I certainly don't have a problem with the fundamentals of the Christian faith. I believe in those fundamentals: 1. the inerrancy of the Bible, 2. the Virgin birth of Jesus Christ, 3. the physical resurrection of Jesus Christ, 4. atonement by the sacrificial death of Jesus Christ, and 5. the Second Coming of Jesus Christ, but to define "Fundamentalist Christians" as those that believe in the "fundamentals of the faith" is simplistic at best.
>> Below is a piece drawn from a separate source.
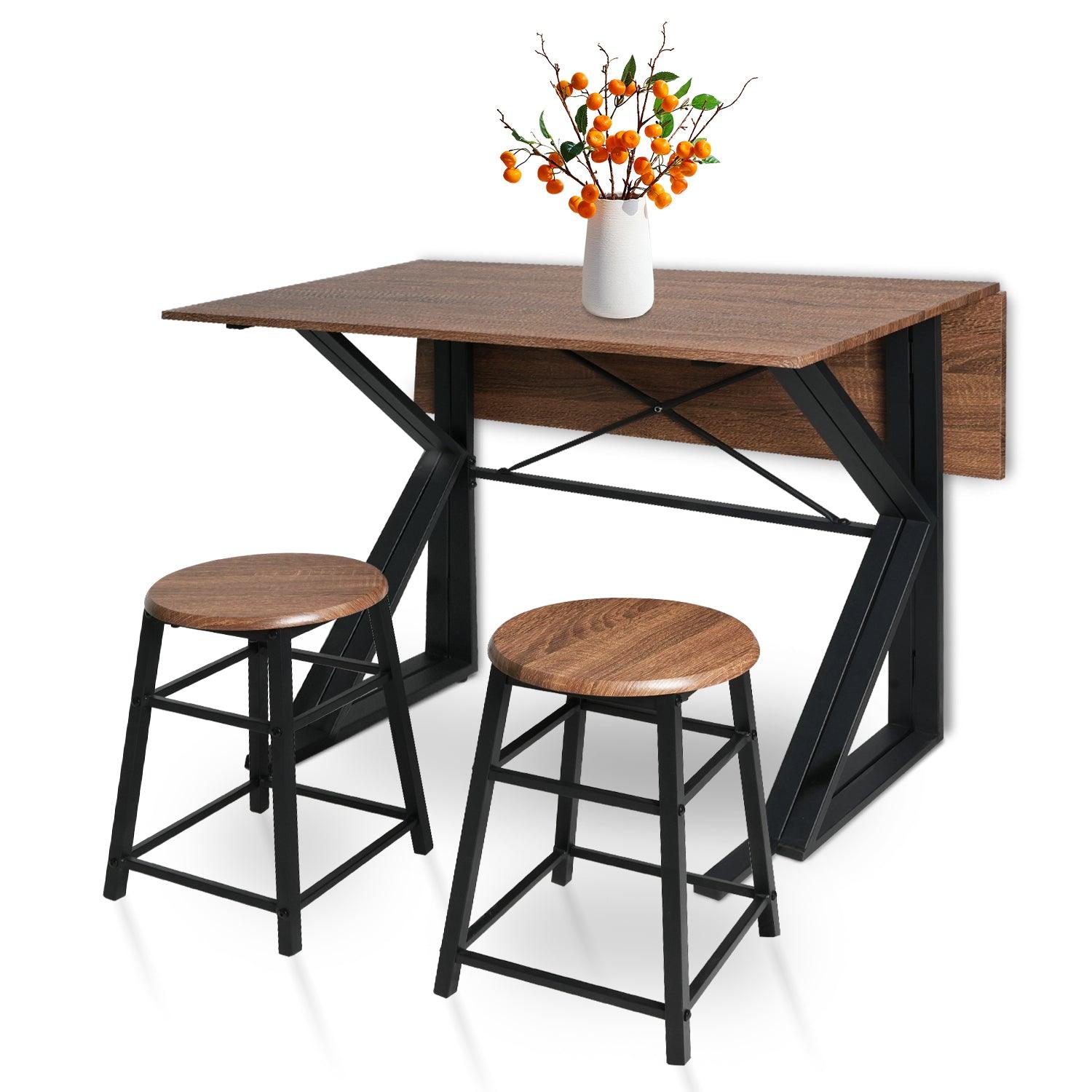 LUCKYERMORE Drop Leaf Dining Table Set for Small Space, 35.4" Drop Leaf Table with 2 Stools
Fundamentalism may have started this way, but it quickly grew into something more by adding more and more "fundamentals" to the list, and by requiring, if not formally then pragmatically, that all "true" believers follow their specific brand of systematic theology. Those that refuse to accept the entire package of fundamentalism are not only heretics, but are either statically positioned further away from God than those that have been fortunate enough to interpret all of Scripture accurately, or worse yet, they are moving farther away from Christ every day until they come to know the full truth.
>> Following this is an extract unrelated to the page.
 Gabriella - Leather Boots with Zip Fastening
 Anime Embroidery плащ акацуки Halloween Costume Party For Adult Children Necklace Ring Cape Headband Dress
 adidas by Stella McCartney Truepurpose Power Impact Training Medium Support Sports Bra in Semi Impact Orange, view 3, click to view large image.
Furthermore, fundamentalism continued the wave of anti-intellectualism started by The Second Great Awakenings (1800 - 1820) the revivals of Charles Finney (1824 - 1837) and the Layman's Prayer Revivals (1856 - 1858) by emphasizing a personal experience of conversion over a deep understanding of the Christian faith, and an interpretation of Scripture that depended greatly on fundamentalist presuppositions and an expectation of the Spirit to spoon feed them the truth rather than a desire to approach the Scripture with humility, and do the hard work of interpretation with the Spirit coming along side to help and guide.

Rather than presenting fully developed arguments against David Hume, Immanuel Kant, and others, along with German Higher Criticism of Scripture and Darwinian Evolution, fundamentalist withdrew into its own protective cave and helped to create the secular/sacred devision that we have today. The goal of the fundamentalist movement was to protect against the onslaught of attacks that the 19th century presented to the Christian faith, unfortunately what they ended up doing was creating a system of "safety" beliefs much like the Pharisees did in order to ensure obedience to God. In so doing they lost much of the Spirit of Christ found in the New Testament. Indeed, there is much more to a late 20th/early 21st century Christian fundamentalist than simply believing in the "fundamentals of the faith".

Certainly this does not define all Christian Fundamentalists. There are those that define themselves as such simply on the basis of believing in the five "fundamentals" of Christian faith (heck, I would define myself as a fundamentalist based on that definition), but for each one of these there are churches full of the more "developed" fundamentalist described above.